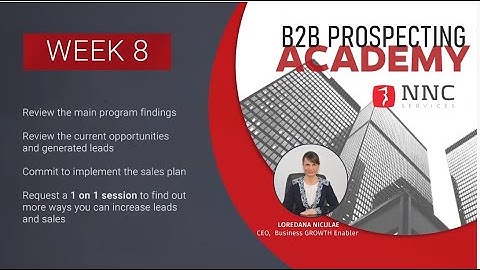 B2B Prospecting Academy | What you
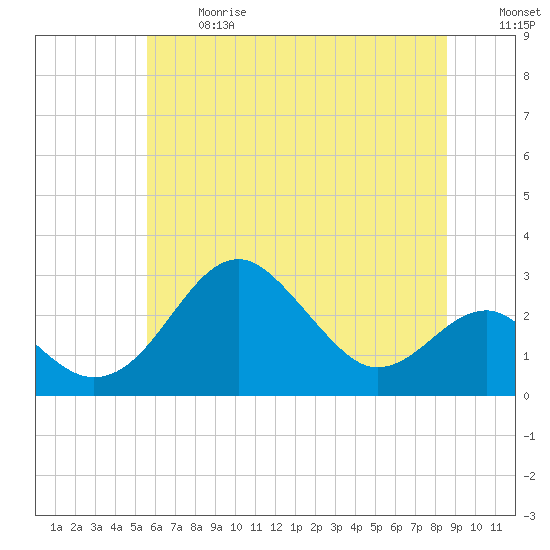 Chestertown tide chart for Wednesday, June 17, 2026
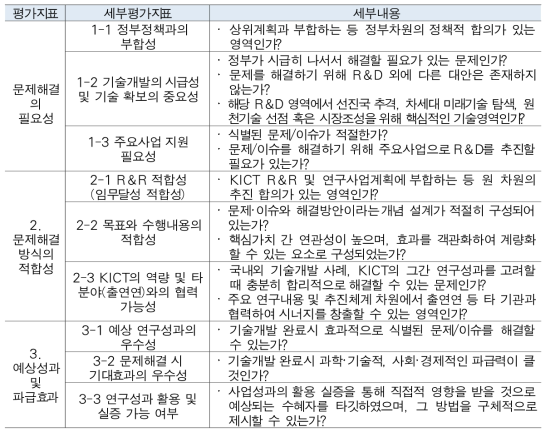 문제해결제안서 평가 지표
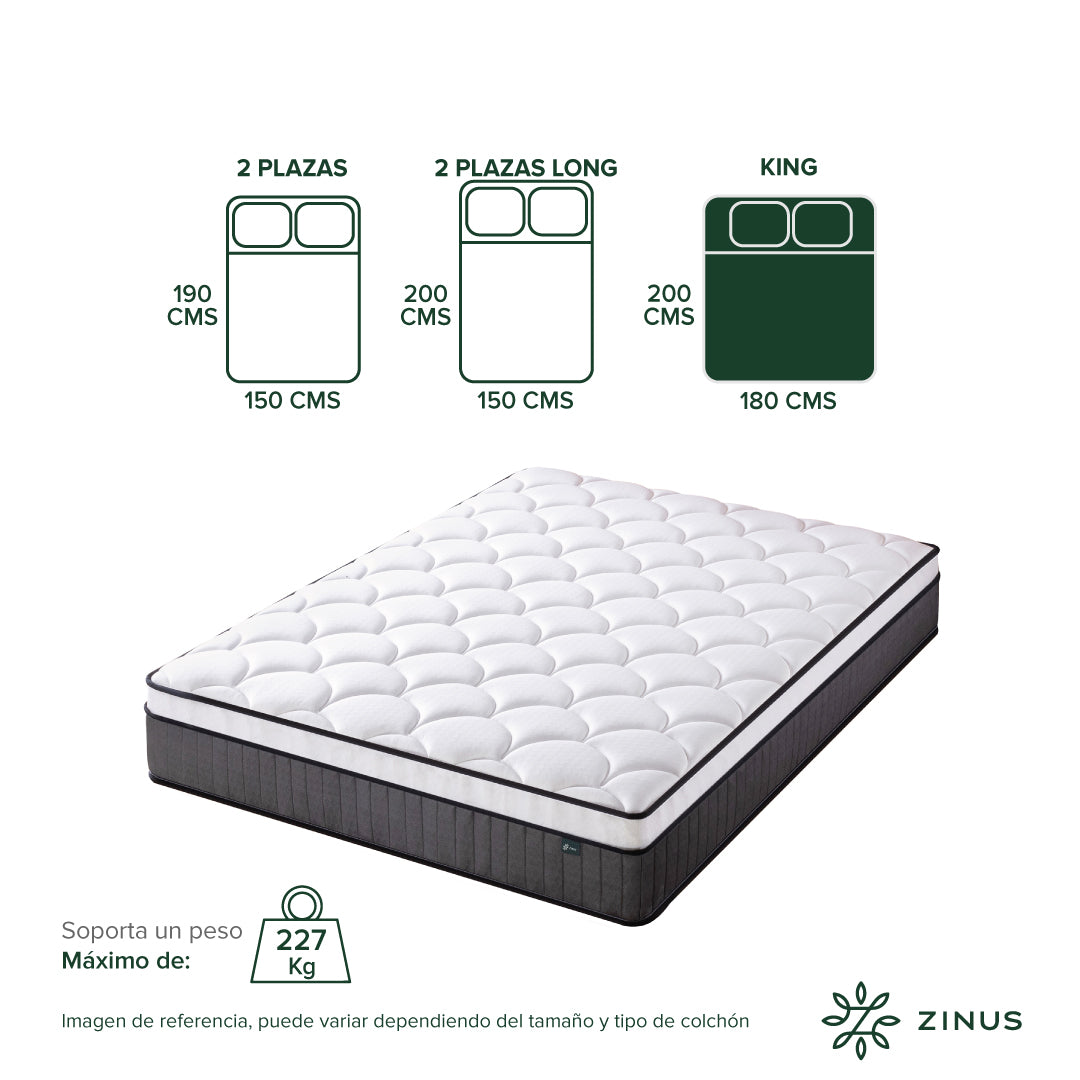 Colchón Zinus King 180x200x25cm Espuma y Resortes Pocket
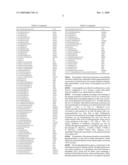 Glycogen synthase kinase-3 inhibitors diagram and image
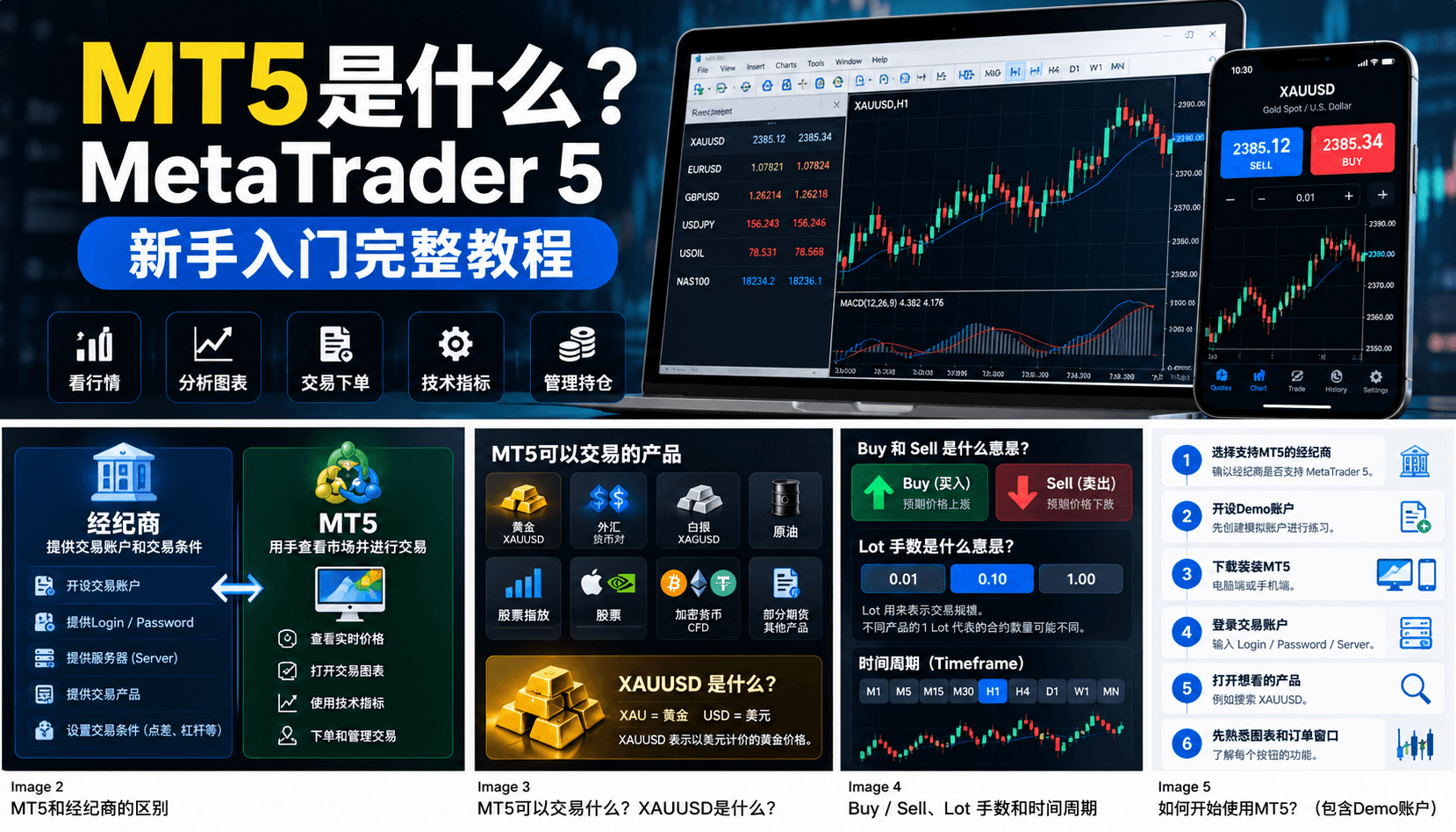 5. MT5里的Buy和Sell是什么意思?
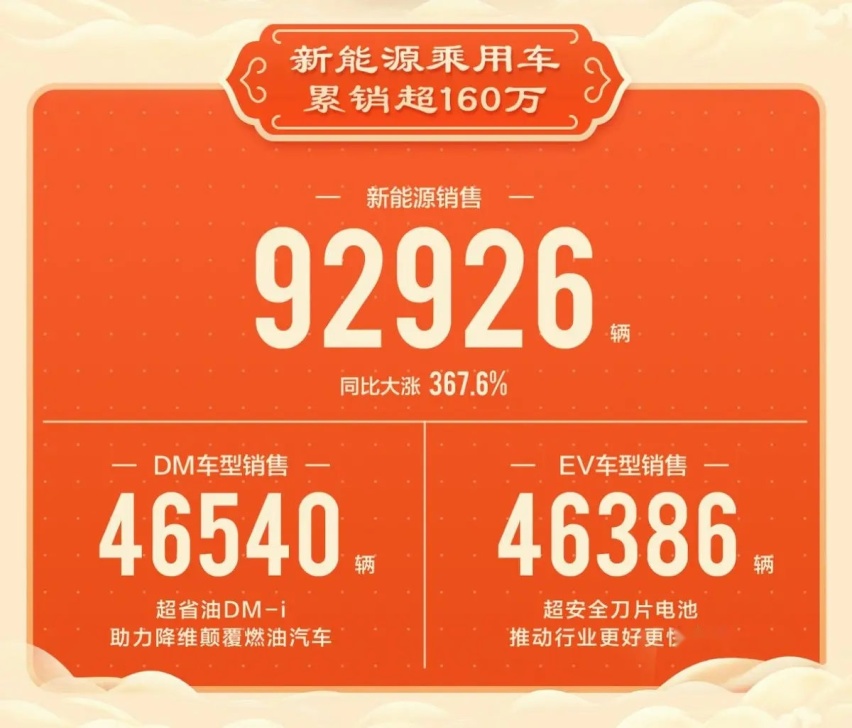 掀背造型，3.7秒破百，比亚迪汉EV GT要硬钢Model 3？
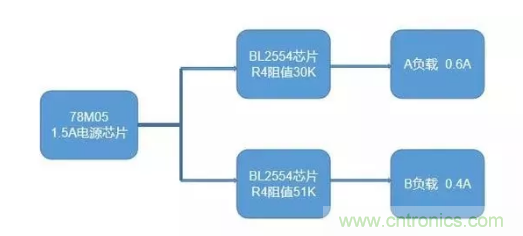 普通的5V電源電路，如何設(shè)計它的限流功能？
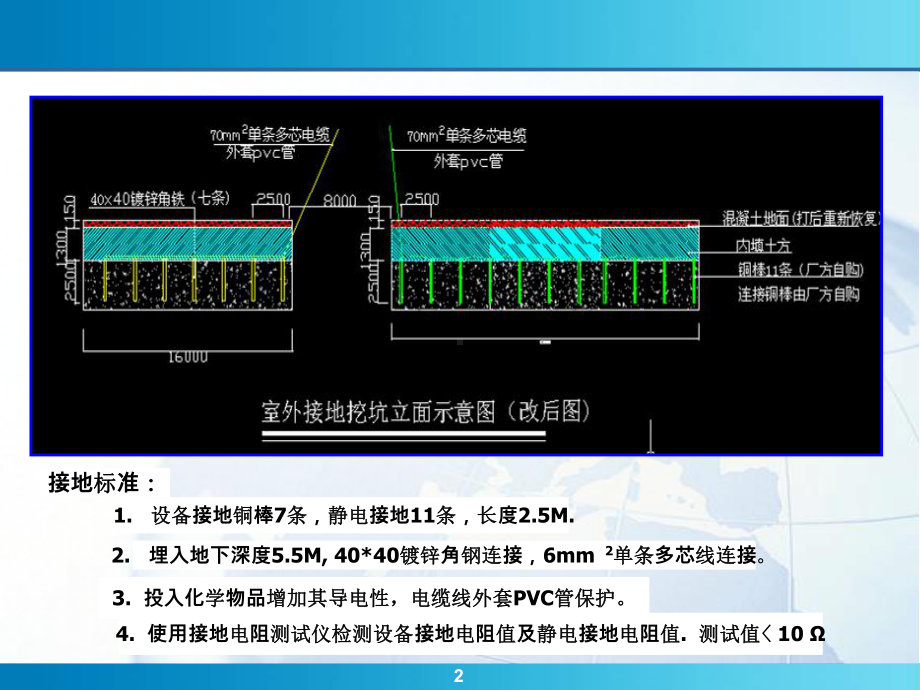 ESD静电管理标准课件.ppt_第2页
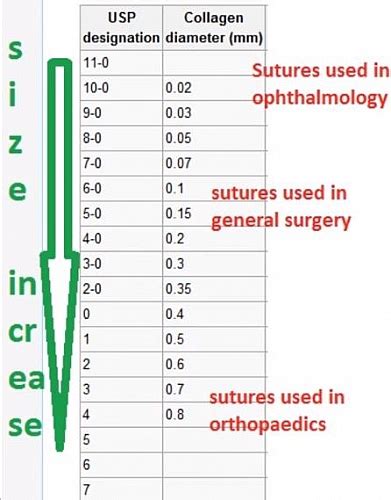 Sutures in Surgery: Types, Materials, Indications, Needles and Sizes - Jotscroll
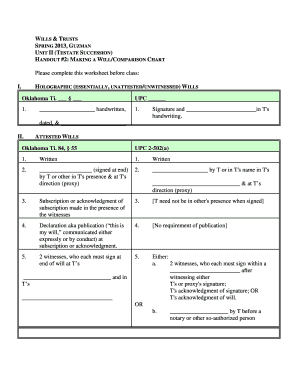 Oklahoma Wills Comparison Chart
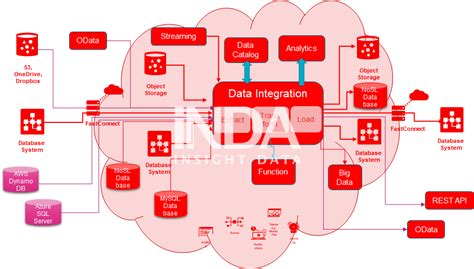 Overview Of The Oracle Data Integrator Odi Data Integration Tool Itzone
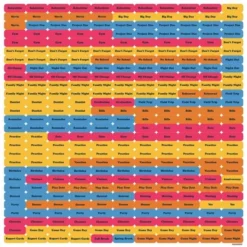 Trends International Inc. 2023-24 Wall Calendar 12"x12" Disney Classics Magnetic -Everyday Fan & Home GUEST 9fdc5533 ea90 4926 a9a7 ed307a4632d8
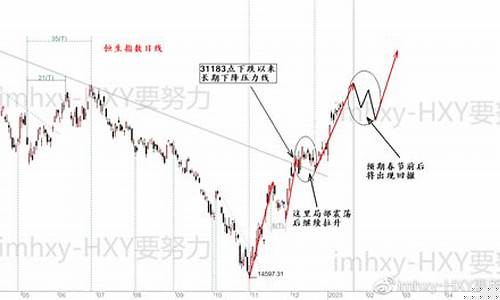 恒指趋势直播间(恒指在线直播间)_https://www.haiwangdasha.com_北交所_第1张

::::

TASK INSTRUCTIONS
Exact wording is required throughout: write out all the records, but no pictures.

SOLUTION TO THIS TASK
 B2B Prospecting Academy | What you
 Chestertown tide chart for Wednesday, June 17, 2026
 문제해결제안서 평가 지표
 Colchón Zinus King 180x200x25cm Espuma y Resortes Pocket
 Glycogen synthase kinase-3 inhibitors diagram and image
 5. MT5里的Buy和Sell是什么意思?
 掀背造型，3.7秒破百，比亚迪汉EV GT要硬钢Model 3？
 普通的5V電源電路，如何設(shè)計它的限流功能？
 ESD静电管理标准课件.ppt_第2页
 Sutures in Surgery: Types, Materials, Indications, Needles and Sizes - Jotscroll
 Oklahoma Wills Comparison Chart
 Overview Of The Oracle Data Integrator Odi Data Integration Tool Itzone
 Trends International Inc. 2023-24 Wall Calendar 12"x12" Disney Classics Magnetic -Everyday Fan & Home GUEST 9fdc5533 ea90 4926 a9a7 ed307a4632d8
 恒指趋势直播间(恒指在线直播间)_https://www.haiwangdasha.com_北交所_第1张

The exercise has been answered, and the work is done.